The input:
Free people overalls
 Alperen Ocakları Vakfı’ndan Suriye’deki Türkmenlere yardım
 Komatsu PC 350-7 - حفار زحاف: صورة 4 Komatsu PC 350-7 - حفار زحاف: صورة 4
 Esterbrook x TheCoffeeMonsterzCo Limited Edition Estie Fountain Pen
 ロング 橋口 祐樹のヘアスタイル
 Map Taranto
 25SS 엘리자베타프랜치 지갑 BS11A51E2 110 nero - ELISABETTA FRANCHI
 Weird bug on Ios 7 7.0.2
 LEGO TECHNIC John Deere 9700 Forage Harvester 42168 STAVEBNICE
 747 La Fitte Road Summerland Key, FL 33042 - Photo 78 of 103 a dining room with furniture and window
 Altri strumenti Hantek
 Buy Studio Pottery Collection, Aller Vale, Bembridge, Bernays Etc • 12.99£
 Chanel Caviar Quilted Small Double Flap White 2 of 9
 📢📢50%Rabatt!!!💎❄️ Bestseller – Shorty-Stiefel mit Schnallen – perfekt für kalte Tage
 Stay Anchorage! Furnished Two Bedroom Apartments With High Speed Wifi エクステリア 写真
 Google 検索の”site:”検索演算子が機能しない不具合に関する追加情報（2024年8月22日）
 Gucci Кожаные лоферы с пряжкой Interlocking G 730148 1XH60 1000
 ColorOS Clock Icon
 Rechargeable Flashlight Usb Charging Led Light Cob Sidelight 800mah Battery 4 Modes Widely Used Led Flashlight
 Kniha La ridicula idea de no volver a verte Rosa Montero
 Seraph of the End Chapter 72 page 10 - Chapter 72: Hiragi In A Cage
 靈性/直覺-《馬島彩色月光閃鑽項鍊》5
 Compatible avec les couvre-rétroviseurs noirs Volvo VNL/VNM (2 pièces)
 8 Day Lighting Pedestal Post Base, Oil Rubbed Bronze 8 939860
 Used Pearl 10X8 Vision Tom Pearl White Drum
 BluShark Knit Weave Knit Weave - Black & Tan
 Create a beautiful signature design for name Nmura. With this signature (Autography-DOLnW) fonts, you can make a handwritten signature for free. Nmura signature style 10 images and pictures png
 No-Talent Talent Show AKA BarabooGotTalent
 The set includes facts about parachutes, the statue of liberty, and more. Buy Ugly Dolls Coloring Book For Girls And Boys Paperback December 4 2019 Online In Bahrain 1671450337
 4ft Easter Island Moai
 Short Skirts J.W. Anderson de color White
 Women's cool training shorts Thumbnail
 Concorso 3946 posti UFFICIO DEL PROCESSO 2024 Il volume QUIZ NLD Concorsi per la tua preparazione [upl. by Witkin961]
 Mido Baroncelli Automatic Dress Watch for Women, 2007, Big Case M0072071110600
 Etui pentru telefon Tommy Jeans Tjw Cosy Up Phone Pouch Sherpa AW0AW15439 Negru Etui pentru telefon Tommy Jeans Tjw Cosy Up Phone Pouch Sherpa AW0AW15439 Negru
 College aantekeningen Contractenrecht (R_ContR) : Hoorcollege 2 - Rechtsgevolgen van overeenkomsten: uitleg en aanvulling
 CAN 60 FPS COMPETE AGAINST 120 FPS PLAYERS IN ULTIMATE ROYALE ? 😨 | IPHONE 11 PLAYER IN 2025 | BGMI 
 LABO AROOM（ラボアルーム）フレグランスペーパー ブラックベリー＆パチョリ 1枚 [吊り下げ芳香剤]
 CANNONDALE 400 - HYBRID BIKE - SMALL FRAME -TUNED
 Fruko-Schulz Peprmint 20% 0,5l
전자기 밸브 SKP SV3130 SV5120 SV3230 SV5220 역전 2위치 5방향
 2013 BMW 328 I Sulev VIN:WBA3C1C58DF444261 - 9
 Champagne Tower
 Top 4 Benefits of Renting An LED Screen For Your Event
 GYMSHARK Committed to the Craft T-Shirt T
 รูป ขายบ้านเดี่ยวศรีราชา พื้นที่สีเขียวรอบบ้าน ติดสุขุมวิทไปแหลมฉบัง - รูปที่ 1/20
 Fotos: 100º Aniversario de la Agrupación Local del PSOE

Goal of the exercise: Within the listing above, give again exactly every line from the line with "Compatible avec les" through the line with "Short Skirts J.W. Anderson de color White", both included, and no other line.

Expected output:
 Compatible avec les couvre-rétroviseurs noirs Volvo VNL/VNM (2 pièces)
 8 Day Lighting Pedestal Post Base, Oil Rubbed Bronze 8 939860
 Used Pearl 10X8 Vision Tom Pearl White Drum
 BluShark Knit Weave Knit Weave - Black & Tan
 Create a beautiful signature design for name Nmura. With this signature (Autography-DOLnW) fonts, you can make a handwritten signature for free. Nmura signature style 10 images and pictures png
 No-Talent Talent Show AKA BarabooGotTalent
 The set includes facts about parachutes, the statue of liberty, and more. Buy Ugly Dolls Coloring Book For Girls And Boys Paperback December 4 2019 Online In Bahrain 1671450337
 4ft Easter Island Moai
 Short Skirts J.W. Anderson de color White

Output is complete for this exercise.